Lorenzo Ciavarini Azzi, Culturebox, 18.10.17
The Square : fable caustique et drôle sur l’art contemporain
« The Square, le carré, est un sanctuaire où règnent confiance et altruisme. Dedans, nous sommes tous égaux en droits et en devoirs ». Rien que ça. Le pari de la nouvelle installation d’art contemporain appelée « The Square », au cœur de la prochaine exposition du Musée X-Royal, à Stockholm, est pour le moins ambitieux : à l’intérieur d’un carré tracé au sol, d’à peu près 4 m2, doit régner cet état d’esprit de main tendue à l’autre et de confiance réciproque. Ah, l’art contemporain !
Bobo bienpensant très convaincu
La Palme d’or de cette année à Cannes, « The Square », du réalisateur suédois Ruben Östlund, commence par cette critique qui pourrait paraître un peu facile de l’art contemporain. Certes. Mais le beau, talentueux et respecté conservateur du musée, Christian (l’excellent Claes Bang), y croit dur comme fer à ce message altruiste. L’art qu’il défend est le reflet d’une conviction profonde, sincère : cessons d’être méfiants les uns envers les autres et on ne pourra que mieux vivre tous ensemble. Et tant pis si cela est parfois difficile à transmettre à son plus proche entourage – ses deux filles chéries, pourtant armées d’une grande patienceà l’égard du paternel – ou à une journaliste étrangère (l’Américaine Elisabeth Moss, très convaincante également), jolie et souriante mais méfiante quant à la limpidité du message artistique. Evidemment, vous l’aurez compris, il y aura un grain de sable. Et il suffit de quelques anicroches dans la vie bien réglée de notre bobo bien-pensant pour que ses sacrosaintes valeurs volent en éclats, ou au moins en partie. Un jour où il s’apprête justement à venir en aide à une femme qui se dit agressée dans la rue, Christian s’aperçoit que cette agression n’est qu’une mise en scène visant à lui subtiliser portefeuille et portable. La recherche de ses biens perdus va l’amener à sortir du périph (de son périph personnel aussi), à la rencontre d’autres milieux. La confrontation sera éclairante.
Clichés balayés
Attention : le film de Ruben Östlund n’aurait aucune épaisseur s’il se limitait à pointer du doigt – et de manière attendue – la contradiction d’une gauche caviar pétrie de beaux principes. Ce n’est pas le cas. D’une part parce que Christian cherche réellement à les appliquer, ces principes, et sa sincérité atteint les limites du possible – et donc exclut toute facilité de jugement. D’autre part, l’universalisme du propos du film part avant tout d’une situation locale, nordique, d’un modèle étatique moderne, tolérant, et protecteur à l’égard des plus faibles. Le cliché est donc rapidement balayé. Mais évidemment le propos est universel et les contradictions de Christian, sa dualité parfois, sont les nôtres : celles de nos sociétés occidentales attirées par l’idéal de bonheur individuel et collectif mais confrontées sans cesse à l’inégalité, à la pauvreté visible, à l’altérité pas toujours facile à accepter – le rom, le migrant, l’enfant d’immigrés qui est intégré mais toujours différent, etc.

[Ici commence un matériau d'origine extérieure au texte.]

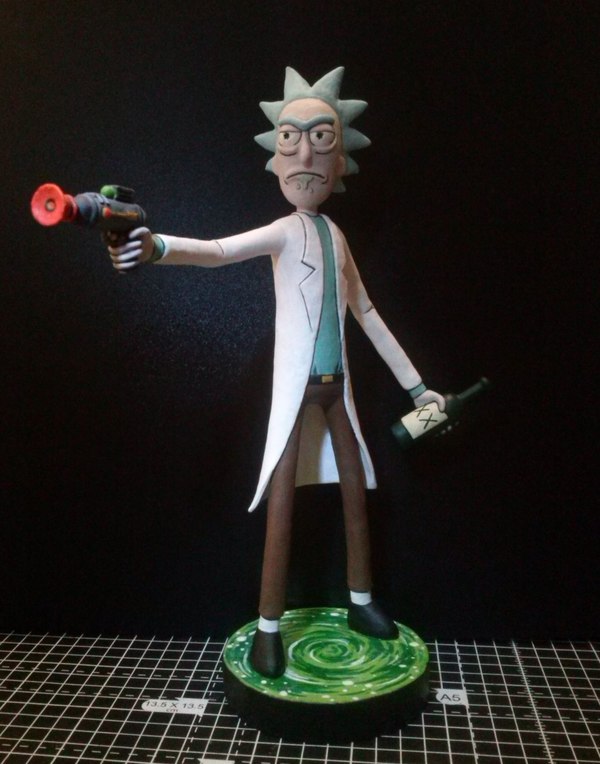 Rick Sanchez - My, Rick and Morty, Лепка, Polymer clay, Miniature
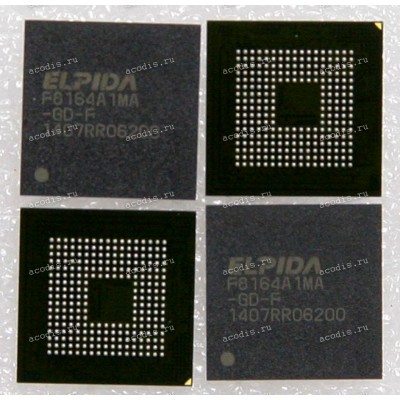 Микросхема Elpida ED F8164A1MA-GD-F LPDDR3 4G*2 1.8V/1.2V FBGA-253 (Asus p/n: 03009-00010600) NEW original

Enfin, « The Square » atténue toutes les généralités possibles sur le discours politique par la confrontation de celui-ci au microcosme de l’art qu’il décrit avec brio. On ne boude pas notre plaisir à découvrir ce tableau mordant et extrêmement drôle du milieu de l’art contemporain, de ses travers, tics et grands principes. Incroyable – et pourtant si vraisemblable – est l’incapacité de Christian ou d’autres responsables du musée de savoir expliquer l’intention d’une œuvre d’art. Bien vue, la bêtise des communicants chargés d’en fabriquer un message publicitaire. Désopilante, l’irruption d’un homme atteint du syndrome de la Tourette dans un ennuyeux débat sur l’art.
Incorrect et poétique
Ruben Östlund allie un humour grave et incorrect à la Kaurismäki à l’humour d’observation poétique hérité d’un Tati. Et maîtrise comme peu le cadre dans lequel se meuvent les personnages de sa comédie dramatique (ou l’inverse). Östlund avait déjà été remarqué pour « Snow Therapy » en 2014, sur un couple en crise pris dans une avalanche sur un ton pince sans rire. Avec « The Square », sa force est aussi de ne se soustraire à aucune réalité de la bêtise qu’il dépeint parfois, quitte à recourir, deux fois au moins, à des scènes d’une grande violence. Mais la mise en scène est là, le cadre et la lumière, qui font passer la pilule au public estomaqué. A voir, absolument. Pour rire. De nous, notamment.